2024年12月27日(金)

令和のクマ騒動が人間に問うていること

2024年12月17日

 「人間とクマとの境界線が曖昧になれば、遊びにも、コンビニにも、犬の散歩にも気軽に行けなくなります。人が暮らす町としても、観光地としても、身近に『恐怖』を感じさせないような努力をしないといけません」

「知床ネイチャーキャンパス」の場で、学生たちに明るく講演していた村上さん(HARUKA MURAKAMI)

 こう話すのは、ウトロ地区で大型ホテルを運営する北こぶしリゾートの経営戦略室に勤める傍ら、「知床ゴミ拾いプロジェクト」の代表を務めている村上晴花さん(29歳)だ。

 プロジェクトの始まりはふとした瞬間だった。友人と山菜採りに出かけた帰り道、足元に転がっていたごみを拾ったのだ。

 これをきっかけに、「またこの日に集まってごみを拾おう」と予定を立て、SNSでの呼び掛けも始めた。
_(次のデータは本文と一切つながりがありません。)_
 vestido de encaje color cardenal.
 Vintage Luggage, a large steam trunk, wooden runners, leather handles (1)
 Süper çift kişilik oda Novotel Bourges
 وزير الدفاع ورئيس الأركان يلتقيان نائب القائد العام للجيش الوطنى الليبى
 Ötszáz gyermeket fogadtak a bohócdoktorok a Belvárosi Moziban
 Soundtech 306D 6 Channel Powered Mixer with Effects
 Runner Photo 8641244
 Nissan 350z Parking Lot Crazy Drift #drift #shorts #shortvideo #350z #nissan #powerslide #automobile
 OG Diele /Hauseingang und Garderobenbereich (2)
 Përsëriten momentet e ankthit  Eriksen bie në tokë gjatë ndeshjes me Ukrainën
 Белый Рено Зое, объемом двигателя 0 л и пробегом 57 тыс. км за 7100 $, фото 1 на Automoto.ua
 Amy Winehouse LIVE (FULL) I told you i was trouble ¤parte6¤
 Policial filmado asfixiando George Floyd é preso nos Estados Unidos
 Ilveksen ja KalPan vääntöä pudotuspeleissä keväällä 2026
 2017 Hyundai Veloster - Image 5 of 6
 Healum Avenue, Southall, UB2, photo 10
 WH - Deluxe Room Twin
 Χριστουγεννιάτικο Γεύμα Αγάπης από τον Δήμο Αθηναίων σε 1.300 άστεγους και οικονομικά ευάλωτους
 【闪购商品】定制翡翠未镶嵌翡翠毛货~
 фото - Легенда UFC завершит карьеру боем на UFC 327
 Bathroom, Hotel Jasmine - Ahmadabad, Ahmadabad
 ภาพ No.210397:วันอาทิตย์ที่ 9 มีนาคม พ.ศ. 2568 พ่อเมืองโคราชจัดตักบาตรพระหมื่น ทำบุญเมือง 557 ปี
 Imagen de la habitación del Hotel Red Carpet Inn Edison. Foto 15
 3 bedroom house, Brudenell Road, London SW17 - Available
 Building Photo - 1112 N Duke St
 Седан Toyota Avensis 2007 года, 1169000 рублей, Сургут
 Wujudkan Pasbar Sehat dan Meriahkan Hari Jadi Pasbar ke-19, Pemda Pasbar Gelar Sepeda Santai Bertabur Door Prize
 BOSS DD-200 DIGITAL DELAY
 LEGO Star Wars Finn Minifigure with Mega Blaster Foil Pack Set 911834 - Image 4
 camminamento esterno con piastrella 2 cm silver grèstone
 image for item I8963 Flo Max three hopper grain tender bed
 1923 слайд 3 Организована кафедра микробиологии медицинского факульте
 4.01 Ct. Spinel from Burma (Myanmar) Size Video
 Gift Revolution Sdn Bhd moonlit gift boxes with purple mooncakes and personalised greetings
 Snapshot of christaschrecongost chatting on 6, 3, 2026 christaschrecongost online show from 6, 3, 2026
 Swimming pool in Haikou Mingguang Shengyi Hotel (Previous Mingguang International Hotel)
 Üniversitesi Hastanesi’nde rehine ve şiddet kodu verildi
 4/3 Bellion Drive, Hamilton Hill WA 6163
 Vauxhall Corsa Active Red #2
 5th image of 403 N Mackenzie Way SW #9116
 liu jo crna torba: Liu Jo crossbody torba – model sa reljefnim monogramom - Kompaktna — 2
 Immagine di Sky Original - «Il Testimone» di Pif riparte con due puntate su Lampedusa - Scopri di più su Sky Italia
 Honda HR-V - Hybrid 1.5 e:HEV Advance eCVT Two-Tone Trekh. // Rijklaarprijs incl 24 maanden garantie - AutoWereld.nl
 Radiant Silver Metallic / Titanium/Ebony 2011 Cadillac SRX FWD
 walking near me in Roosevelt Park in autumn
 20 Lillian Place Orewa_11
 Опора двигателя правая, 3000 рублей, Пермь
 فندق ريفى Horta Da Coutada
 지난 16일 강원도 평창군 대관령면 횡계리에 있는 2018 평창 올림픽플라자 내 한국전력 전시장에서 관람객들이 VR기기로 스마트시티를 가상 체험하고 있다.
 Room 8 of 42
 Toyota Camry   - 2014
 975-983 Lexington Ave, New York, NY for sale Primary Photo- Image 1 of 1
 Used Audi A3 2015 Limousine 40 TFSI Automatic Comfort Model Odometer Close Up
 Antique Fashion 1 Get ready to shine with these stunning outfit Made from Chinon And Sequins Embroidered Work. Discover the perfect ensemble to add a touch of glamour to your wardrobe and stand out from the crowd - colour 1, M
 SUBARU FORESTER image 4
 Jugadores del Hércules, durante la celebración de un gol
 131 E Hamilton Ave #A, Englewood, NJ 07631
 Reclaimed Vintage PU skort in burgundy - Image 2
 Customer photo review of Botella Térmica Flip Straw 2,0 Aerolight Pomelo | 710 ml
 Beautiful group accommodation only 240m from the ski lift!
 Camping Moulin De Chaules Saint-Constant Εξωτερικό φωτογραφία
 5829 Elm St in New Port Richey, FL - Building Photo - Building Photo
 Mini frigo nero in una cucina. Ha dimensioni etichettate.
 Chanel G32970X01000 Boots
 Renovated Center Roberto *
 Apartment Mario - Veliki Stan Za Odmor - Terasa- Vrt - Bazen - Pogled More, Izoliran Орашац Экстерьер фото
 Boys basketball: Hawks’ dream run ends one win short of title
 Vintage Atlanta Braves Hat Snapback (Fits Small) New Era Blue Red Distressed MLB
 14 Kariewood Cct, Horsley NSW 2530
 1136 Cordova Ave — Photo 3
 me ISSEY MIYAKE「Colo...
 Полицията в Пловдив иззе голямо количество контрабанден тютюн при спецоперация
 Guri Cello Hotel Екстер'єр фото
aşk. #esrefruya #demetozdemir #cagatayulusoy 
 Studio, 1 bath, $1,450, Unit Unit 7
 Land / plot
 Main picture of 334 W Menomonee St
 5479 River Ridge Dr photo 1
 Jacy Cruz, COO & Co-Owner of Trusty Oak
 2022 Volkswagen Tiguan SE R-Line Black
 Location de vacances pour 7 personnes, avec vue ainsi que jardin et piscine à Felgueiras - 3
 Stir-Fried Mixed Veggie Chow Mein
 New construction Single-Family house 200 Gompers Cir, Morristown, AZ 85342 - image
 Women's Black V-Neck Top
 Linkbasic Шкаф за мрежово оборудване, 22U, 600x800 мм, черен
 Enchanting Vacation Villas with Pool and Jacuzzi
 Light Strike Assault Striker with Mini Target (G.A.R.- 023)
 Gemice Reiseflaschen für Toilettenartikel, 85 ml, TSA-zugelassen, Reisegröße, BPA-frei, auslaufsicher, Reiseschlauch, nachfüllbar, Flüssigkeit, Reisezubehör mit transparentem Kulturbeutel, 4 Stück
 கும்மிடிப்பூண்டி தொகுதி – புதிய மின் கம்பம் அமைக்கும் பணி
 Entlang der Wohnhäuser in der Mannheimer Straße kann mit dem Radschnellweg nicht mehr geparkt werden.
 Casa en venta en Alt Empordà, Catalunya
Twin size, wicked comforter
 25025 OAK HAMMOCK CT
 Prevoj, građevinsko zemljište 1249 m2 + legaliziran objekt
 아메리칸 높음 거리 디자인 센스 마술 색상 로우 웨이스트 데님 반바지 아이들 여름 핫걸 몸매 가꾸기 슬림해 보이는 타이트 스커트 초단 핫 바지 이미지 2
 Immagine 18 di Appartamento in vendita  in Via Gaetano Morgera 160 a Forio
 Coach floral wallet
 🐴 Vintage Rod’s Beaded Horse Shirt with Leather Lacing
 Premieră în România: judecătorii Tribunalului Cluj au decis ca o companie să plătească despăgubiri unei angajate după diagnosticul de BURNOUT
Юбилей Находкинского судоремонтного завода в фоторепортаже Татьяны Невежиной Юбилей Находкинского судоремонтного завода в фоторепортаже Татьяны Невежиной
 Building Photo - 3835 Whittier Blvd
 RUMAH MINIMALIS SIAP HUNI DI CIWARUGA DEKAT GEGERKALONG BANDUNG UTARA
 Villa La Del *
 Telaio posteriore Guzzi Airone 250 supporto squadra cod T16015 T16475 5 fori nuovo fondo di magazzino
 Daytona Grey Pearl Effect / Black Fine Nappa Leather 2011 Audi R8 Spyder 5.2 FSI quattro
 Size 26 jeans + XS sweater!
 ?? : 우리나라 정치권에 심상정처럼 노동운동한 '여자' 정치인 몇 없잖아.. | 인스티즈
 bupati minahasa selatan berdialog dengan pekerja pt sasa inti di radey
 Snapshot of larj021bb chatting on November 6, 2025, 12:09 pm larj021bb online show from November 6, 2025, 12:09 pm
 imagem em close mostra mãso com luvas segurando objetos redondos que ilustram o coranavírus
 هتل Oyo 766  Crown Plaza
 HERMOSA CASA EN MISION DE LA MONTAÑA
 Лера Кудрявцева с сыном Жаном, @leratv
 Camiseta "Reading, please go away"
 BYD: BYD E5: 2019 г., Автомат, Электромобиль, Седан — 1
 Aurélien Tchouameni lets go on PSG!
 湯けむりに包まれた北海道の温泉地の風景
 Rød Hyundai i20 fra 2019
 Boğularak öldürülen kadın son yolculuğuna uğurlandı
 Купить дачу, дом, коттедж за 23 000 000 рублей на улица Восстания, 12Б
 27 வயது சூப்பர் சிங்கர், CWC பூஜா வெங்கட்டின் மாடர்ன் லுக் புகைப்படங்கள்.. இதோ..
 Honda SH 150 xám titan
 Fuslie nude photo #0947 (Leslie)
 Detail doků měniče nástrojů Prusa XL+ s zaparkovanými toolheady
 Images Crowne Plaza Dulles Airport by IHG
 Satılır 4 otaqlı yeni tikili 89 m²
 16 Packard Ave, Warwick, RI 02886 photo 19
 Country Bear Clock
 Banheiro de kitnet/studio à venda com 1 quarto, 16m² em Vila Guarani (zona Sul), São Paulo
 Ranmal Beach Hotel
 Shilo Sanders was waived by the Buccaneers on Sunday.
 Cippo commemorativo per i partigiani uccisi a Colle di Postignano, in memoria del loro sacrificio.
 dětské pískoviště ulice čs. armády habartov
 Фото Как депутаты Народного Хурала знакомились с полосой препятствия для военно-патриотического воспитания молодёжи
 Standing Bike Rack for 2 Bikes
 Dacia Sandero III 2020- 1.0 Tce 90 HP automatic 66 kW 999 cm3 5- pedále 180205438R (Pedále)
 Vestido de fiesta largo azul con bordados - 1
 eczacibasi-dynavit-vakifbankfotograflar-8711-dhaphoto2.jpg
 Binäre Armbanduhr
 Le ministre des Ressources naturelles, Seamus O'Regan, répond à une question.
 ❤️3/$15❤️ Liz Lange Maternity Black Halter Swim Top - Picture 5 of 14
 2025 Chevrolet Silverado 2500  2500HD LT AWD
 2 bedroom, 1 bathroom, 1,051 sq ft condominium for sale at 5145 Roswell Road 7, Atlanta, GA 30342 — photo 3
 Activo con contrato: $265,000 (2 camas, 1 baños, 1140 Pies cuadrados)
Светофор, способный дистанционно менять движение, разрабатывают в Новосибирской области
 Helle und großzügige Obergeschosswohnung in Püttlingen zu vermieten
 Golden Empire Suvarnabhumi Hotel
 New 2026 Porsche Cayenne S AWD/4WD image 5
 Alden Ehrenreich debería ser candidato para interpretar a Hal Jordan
結果、2020年4月以降24年10月までに計50回、延べ1000人以上の有志が、同地区のごみを拾い集めている。ウトロの人口が約1200人であることを踏まえると、その規模は決して小さくない。

 活動中、印象に残っていることがある。サケが川に遡上し、釣りが盛んになる時期のことだった。川沿いに捨てられていたビニール袋を開けると、その中にメロンの皮とエビの殻、トウモロコシの芯が入っていたのだ。「『こんなごみが本当にあるんだ』と気づかされましたね」

 酪農学園大学でヒグマの研究に関わった村上さんは瞬時に悟った。

 「そのごみを捨てたのがどのような方なのかは分かりません。ただ、そのごみをヒグマが食べてしまったらどういうことにつながるのか、その危なさが想像できていないんです。広く伝える必要性を感じました」

 一度食べたものに対するクマの執着の強さはよく知られており、ごみは人間の生活圏にクマが近付き始める大きな要因の一つだ。

 学生時代、入学直後のオリエンテーションの場で、ある教授が話していた言葉を村上さんは今でも覚えているという。

 「皆さんは、もしかしたら人間のことが嫌いでこの大学に入学したかもしれませんが、野生動物の問題を考える時に、まずなんとかする必要があるのは動物ではなく、人間の方なのです」

 人間が放り捨てたごみを見ればそのことを如実に感じるであろうことは言うまでもない。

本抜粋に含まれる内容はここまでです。